Dimanche 23 et lundi 24 février 1879
Lettre de Marie Mertzdorff (Paris) à son père Charles Mertzdorff (Vieux-Thann)
Paris 23 Février 79
Mon Père chéri,
Comme je suis un peu plus réveillée aujourd’hui qu’hier je vais venir te parler de mes plaisirs de la nuit dernière dont Emilie[1] du reste t’a déjà entretenu, je me suis beaucoup beaucoup amusée et mon seul regret a été de n’avoir pas ma petite sœur avec moi car je suis sûre qu’elle aussi aurait eu du plaisir. C’était magnifique, la plus belle fête à laquelle j’aie jamais assisté ; toutes les rues environnantes étaient très éclairées, l’observatoire tout orné de rangées de gaz avec des R.F. comme les jours d’illuminations ; les salons sont immenses et étaient entièrement garnis de fleurs, quand nous sommes arrivés la grande galerie du milieu était déjà remplie de monde il paraît qu’il y a eu 850 personnes on remarquait beaucoup d’illustrations le ministre[2] et sa femme Eugénie Risler[3] que j’ai très bien reconnue elle avait l’air bien fatiguée, le peintre Meissonnier[4] et Alexandre Dumas[5] mais je n’ai malheureusement pas pu voir ce dernier ; je connaissais énormément de monde, Mlle Troost[6], Mlles Fernet[7], Mlle Debray[8] & on a commencé par faire de très belles expériences avec la lumière électrique puis nous avons eu une répétition du phonographe ce qui m’a fort divertie, puis vers minuit tout le monde a quitté la galerie centrale et on s’est promené dans tous les appartements qui sont magnifiques pendant ce temps on a enlevé toutes les banquettes un orchestre excellent est arrivé comme par enchantement et on a commencé à danser ; il y avait toujours beaucoup de monde mais les salons étaient si grands qu’on y dansait tout à son aise aussi je n’ai rien manqué du tout et me suis beaucoup amusée ; ce n’est qu’à 3 heures du matin que nous sommes partis. Par exemple, depuis ce jour-là je dors un peu et j’entends encore de temps en temps des airs de valse.

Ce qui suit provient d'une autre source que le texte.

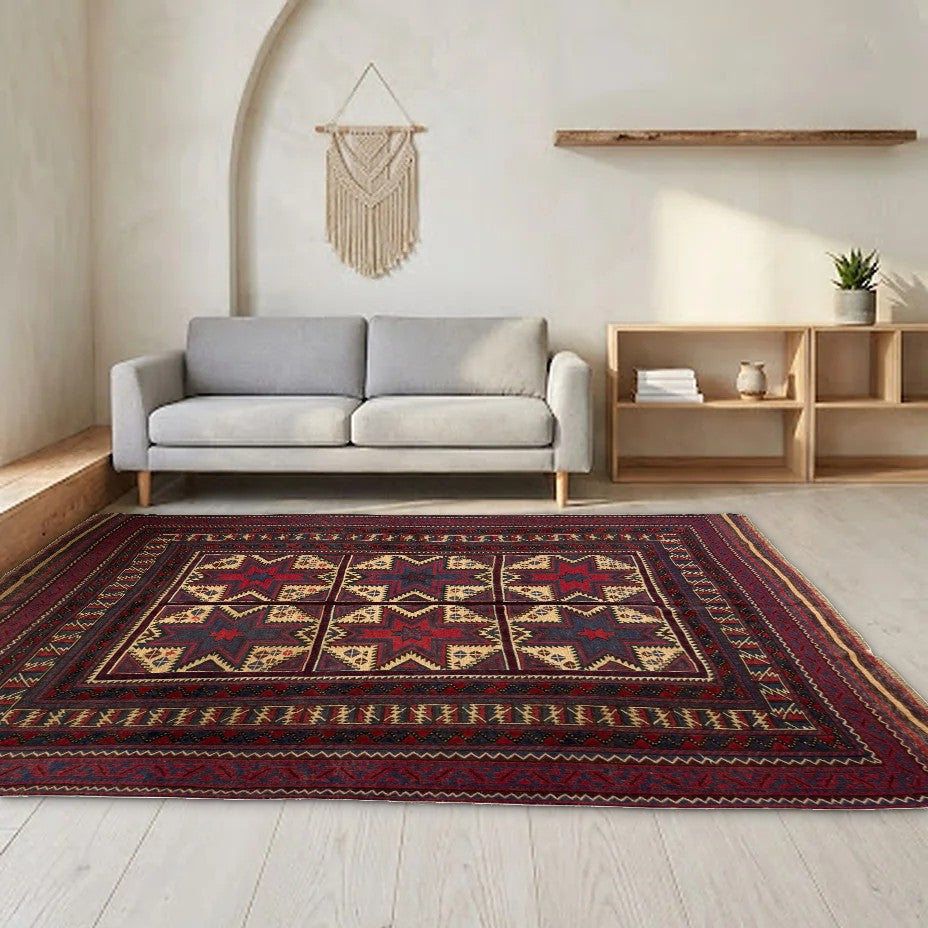 Room view: the rug on the floor of a furnished room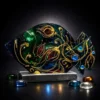 Aurelia Edition giant hand painted glass fish sculpture with golden lines on blue and crimson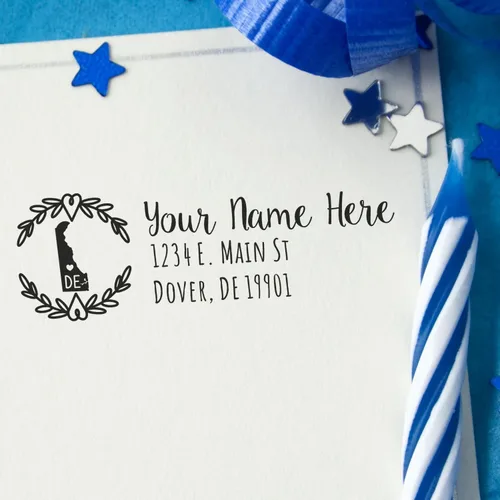 Vista 26 de State of Alabama Wreath Duo Hand Address Stamp - Personalized Rubber Stamp Montaje manual Duo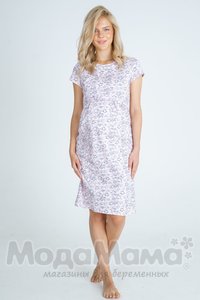 мм505-101201-Платье для беременных и кормящих, Розовые звезды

J’avais commencé hier à te narrer cette fête, mon Père chéri, mais les visites se sont succédées toute la journée et j’ai été forcée de remettre à aujourd’hui le départ de ma missive. Cela a été d’abord Jeanne B.[9], puis Marthe[10], ma cousine Fidéline[11], Mme B.[12] enfin Mme Buffet[13], Marthe B.[14] et son fils Jean[15].
Aujourd’hui je vais profiter de mon Lundi gras pour aller à l’atelier[16]. Emilie continue à bien aller ; elle a été hier à la messe en voiture et je pense que cet après-midi elle se promènera à pied ; sa gorge est tout à fait dérougie et ne la gratte plus du tout.
Et toi, mon bon Père, comment vas-tu ? Sais-tu que nous commençons à nous inquiéter un peu ! Voilà bien bien longtemps que nous n’avons reçu de lettre de toi je parierais que tu es fatigué ou très ennuyé et bien dis-le nous alors. Les Paul[17] sont-ils toujours chez toi ? Comment va tante M.[18] ? Oncle Léon est-il de retour ?
J’espère que demain nous aurons réponse à toutes ces questions en attendant mon petit Papa bien-aimé je t’embrasse de tout mon cœur comme je t’aime.
ta fille,
Marie
J’embrasse bien fort bon-papa et bonne-maman[19].
Notes
- ↑ Emilie Mertzdorff, sœur de Marie.
- ↑ Jules Ferry, ministre de l'Instruction publique du 4 février 1879 au 23 septembre 1880.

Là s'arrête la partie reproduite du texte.